Influence of gallium content on Ga3+ position and photo- and thermally stimulated luminescence in Ce3+ - doped multicomponent (Y,Lu,)3GaxAl5-xO12 garnets

TL;DR

This study investigates how varying gallium content affects the luminescence properties and defect structures in Ce3+-doped multicomponent garnets, revealing linear and nonlinear relationships between Ga content, trap depths, and activation energies.

Contribution

It provides new insights into the distribution of Ga3+ ions, their influence on luminescence and trap energies, and proposes a model linking Ga3+ perturbed sites to electron trapping mechanisms in these garnets.

Findings

Ga3+ ions in tetrahedral sites decrease linearly with Ga content.

Trap depths and TSL peak positions decrease linearly with Ga content.

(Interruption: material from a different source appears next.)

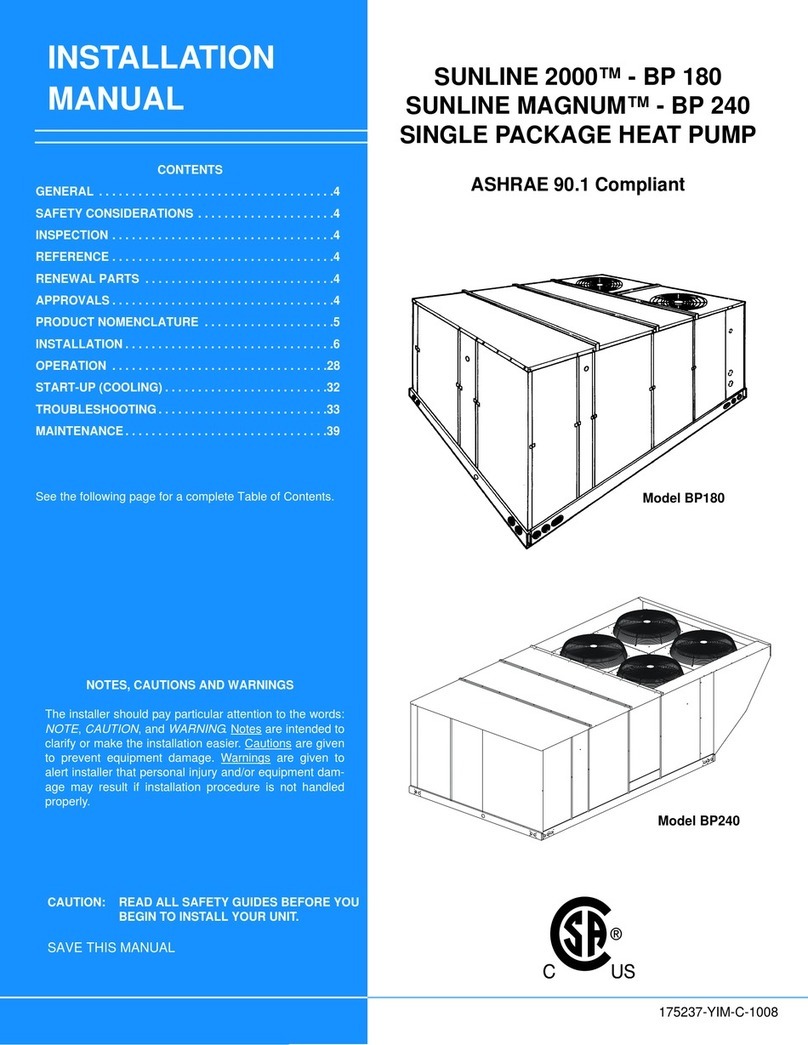 Johnson Controls Unitary Products York SUNLINE 2000 BP 180 installation manual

Activation energy for TSL creation shows nonlinear dependence on Ga content.

Abstract

Photoluminescence, thermally stimulated luminescence (TSL) and EPR characteristics of the Ce3+ doped single crystals of multicomponent Y1Lu2GaxAl5-xO12 and Lu3GaxAl5-xO12 garnets with different Ga contents (x = 0, 1, 2, 3, 4, 5) excited in the Ce3+ - related absorption bands are investigated in the 9 - 500 K temperature range. The distribution of Ga3+ and Al3+ ions in the crystal lattice is determined by the NMR method. The relative number of Ga3+ ions in the tetrahedral crystal lattice sites, the maxima positions of the TSL glow curve peaks and the corresponding trap depths are found to decrease linearly with the increasing Ga content. At the same time, the reduction of the activation energy Ea of the TSL glow curve peaks creation under irradiation in the 4f - 4d1 absorption band of Ce3+ is strongly nonlinear. To explain this effect, the suggestion is made that Ea is the energy distance between the excited 5d1 level of Ce3+ and a defect level located between the 5d1 level and the bottom of the conduction band and arising from the Ga3+ ion perturbed by the nearest neighboring Ce3+ ion. The electrons thermally released from the excited Ce3+ ions are suggested to be trapped at the perturbed Ga3+ ions resulting in the appearance of electron Ga2+ centers. In spite of the fact that the paramagnetic Ga2+ ions were not detected by EPR, the described above process was found for Fe3+ impurity ions, namely the electron transfer from the 5d1 excited levels of Ce3+ to Fe3+ was directly detected by EPR.